::: DATA EXTRACT

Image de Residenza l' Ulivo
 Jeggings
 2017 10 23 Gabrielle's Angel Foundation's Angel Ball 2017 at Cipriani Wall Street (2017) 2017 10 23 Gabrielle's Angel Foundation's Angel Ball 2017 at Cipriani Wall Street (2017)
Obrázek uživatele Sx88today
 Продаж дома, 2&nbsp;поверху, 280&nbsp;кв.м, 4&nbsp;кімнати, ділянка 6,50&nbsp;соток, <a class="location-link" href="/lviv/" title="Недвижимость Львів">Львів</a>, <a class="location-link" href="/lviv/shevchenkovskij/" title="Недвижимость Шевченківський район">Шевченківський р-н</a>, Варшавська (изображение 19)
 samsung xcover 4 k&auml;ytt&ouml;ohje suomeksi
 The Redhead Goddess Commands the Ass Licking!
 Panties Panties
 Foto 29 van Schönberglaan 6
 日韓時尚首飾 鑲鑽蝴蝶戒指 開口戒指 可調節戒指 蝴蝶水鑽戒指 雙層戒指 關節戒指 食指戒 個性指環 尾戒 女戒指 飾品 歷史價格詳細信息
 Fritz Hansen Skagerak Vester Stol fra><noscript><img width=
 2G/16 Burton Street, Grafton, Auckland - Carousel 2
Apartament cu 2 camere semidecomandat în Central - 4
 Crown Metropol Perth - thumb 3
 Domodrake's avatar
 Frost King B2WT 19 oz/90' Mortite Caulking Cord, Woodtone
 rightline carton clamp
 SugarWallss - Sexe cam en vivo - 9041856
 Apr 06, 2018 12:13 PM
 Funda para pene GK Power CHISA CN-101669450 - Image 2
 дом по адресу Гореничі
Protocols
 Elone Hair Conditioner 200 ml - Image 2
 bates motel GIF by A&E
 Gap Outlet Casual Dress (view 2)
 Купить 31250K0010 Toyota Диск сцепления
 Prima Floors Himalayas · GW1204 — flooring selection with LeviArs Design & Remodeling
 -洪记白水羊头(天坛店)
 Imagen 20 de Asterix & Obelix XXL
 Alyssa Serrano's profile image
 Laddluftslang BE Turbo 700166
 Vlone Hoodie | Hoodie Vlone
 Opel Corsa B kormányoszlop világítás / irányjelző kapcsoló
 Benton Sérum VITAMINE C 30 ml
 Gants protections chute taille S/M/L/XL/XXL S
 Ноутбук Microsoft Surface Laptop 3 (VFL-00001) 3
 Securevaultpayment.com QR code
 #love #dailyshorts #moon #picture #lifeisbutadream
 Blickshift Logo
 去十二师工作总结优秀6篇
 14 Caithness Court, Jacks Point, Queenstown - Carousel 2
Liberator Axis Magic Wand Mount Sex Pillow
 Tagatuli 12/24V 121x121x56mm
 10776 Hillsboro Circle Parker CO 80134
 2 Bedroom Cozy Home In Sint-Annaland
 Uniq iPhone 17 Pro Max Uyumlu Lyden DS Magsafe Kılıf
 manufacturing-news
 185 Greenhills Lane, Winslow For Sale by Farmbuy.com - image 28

::::::

*PROBLEM STATEMENT*.
Your reply should be an exact copy of every line from the line with "Fritz Hansen Skagerak" through the final line of the data, and nothing more.

*ANSWER AREA*.
 Fritz Hansen Skagerak Vester Stol fra><noscript><img width=
 2G/16 Burton Street, Grafton, Auckland - Carousel 2
Apartament cu 2 camere semidecomandat în Central - 4
 Crown Metropol Perth - thumb 3
 Domodrake's avatar
 Frost King B2WT 19 oz/90' Mortite Caulking Cord, Woodtone
 rightline carton clamp
 SugarWallss - Sexe cam en vivo - 9041856
 Apr 06, 2018 12:13 PM
 Funda para pene GK Power CHISA CN-101669450 - Image 2
 дом по адресу Гореничі
Protocols
 Elone Hair Conditioner 200 ml - Image 2
 bates motel GIF by A&E
 Gap Outlet Casual Dress (view 2)
 Купить 31250K0010 Toyota Диск сцепления
 Prima Floors Himalayas · GW1204 — flooring selection with LeviArs Design & Remodeling
 -洪记白水羊头(天坛店)
 Imagen 20 de Asterix & Obelix XXL
 Alyssa Serrano's profile image
 Laddluftslang BE Turbo 700166
 Vlone Hoodie | Hoodie Vlone
 Opel Corsa B kormányoszlop világítás / irányjelző kapcsoló
 Benton Sérum VITAMINE C 30 ml
 Gants protections chute taille S/M/L/XL/XXL S
 Ноутбук Microsoft Surface Laptop 3 (VFL-00001) 3
 Securevaultpayment.com QR code
 #love #dailyshorts #moon #picture #lifeisbutadream
 Blickshift Logo
 去十二师工作总结优秀6篇
 14 Caithness Court, Jacks Point, Queenstown - Carousel 2
Liberator Axis Magic Wand Mount Sex Pillow
 Tagatuli 12/24V 121x121x56mm
 10776 Hillsboro Circle Parker CO 80134
 2 Bedroom Cozy Home In Sint-Annaland
 Uniq iPhone 17 Pro Max Uyumlu Lyden DS Magsafe Kılıf
 manufacturing-news
 185 Greenhills Lane, Winslow For Sale by Farmbuy.com - image 28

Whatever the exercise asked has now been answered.